• **DATA SECTION**

########

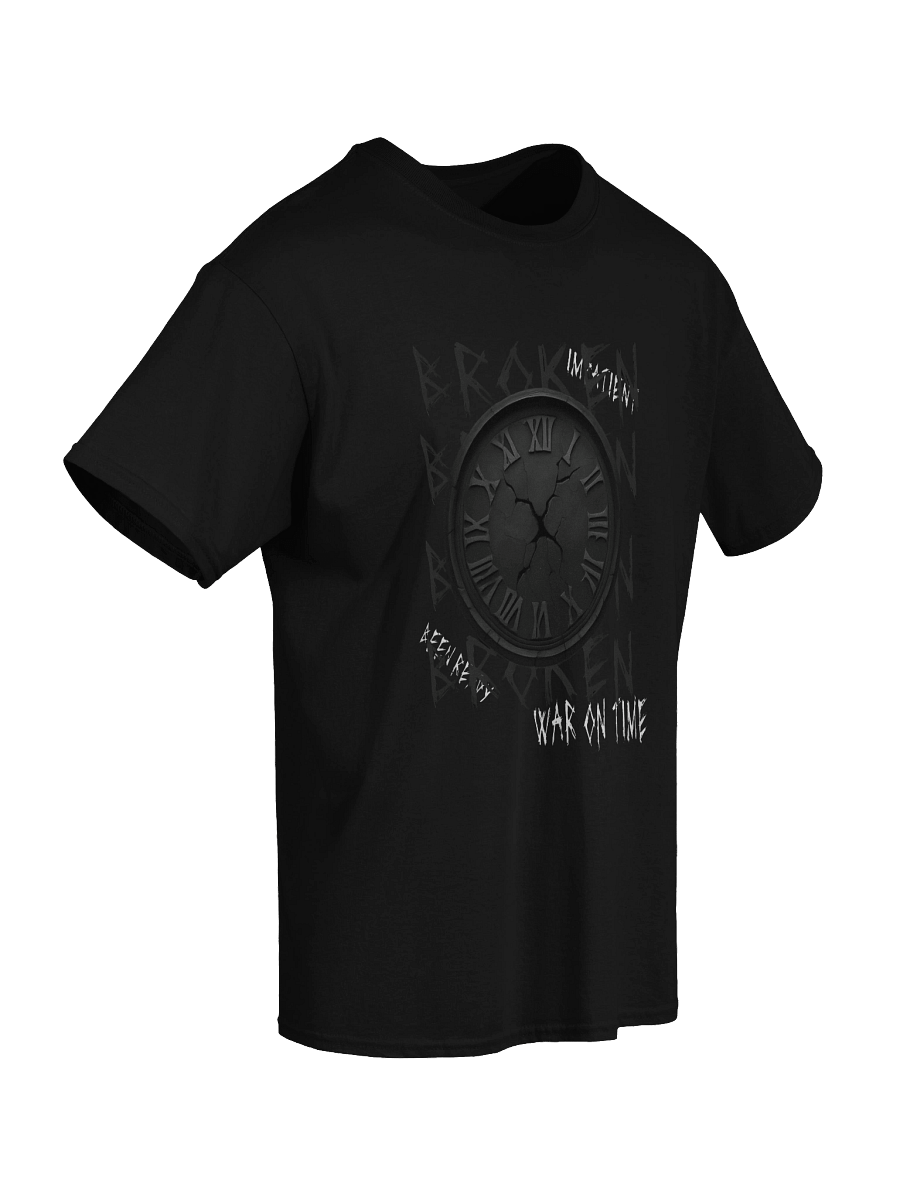 Magigio Broken Clock Heavyweight T-Shirt product image (4)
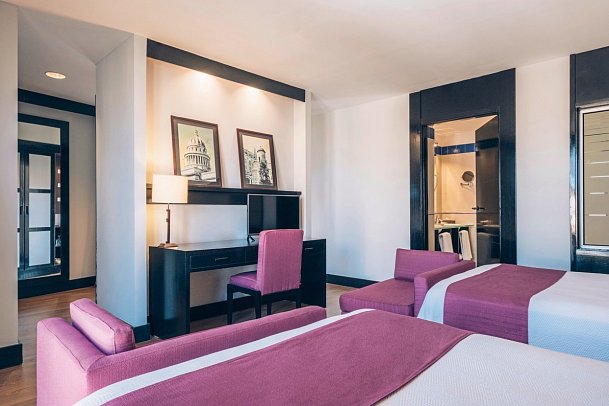 Iberostar Marqués de la Torre - Wohnbeispiel Modern Suite (Zimmercodierung WB1)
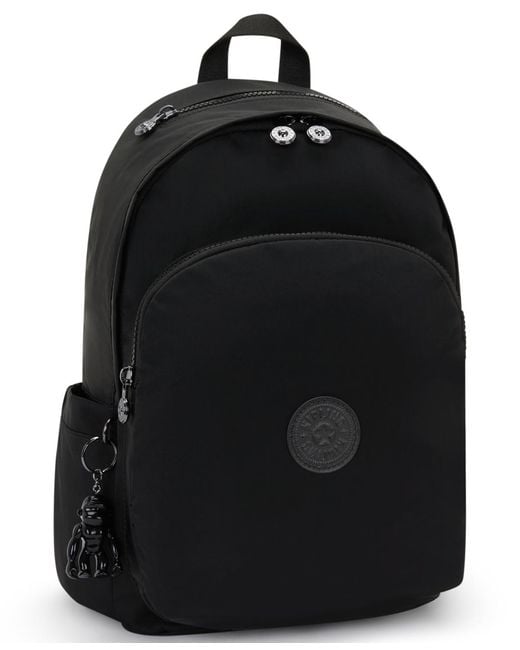 Kipling Black Delia Small Laptop Backpack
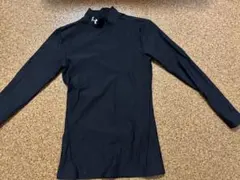 UNDER ARMOUR ブラック 長袖シャツ MD アンダー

########

• **EXERCISE DIRECTIONS**
The job is to set down the whole listing exactly, excluding any images.

• **REPLY TO THE TASK**
 Magigio Broken Clock Heavyweight T-Shirt product image (4)
 Iberostar Marqués de la Torre - Wohnbeispiel Modern Suite (Zimmercodierung WB1)
 Kipling Black Delia Small Laptop Backpack
 UNDER ARMOUR ブラック 長袖シャツ MD アンダー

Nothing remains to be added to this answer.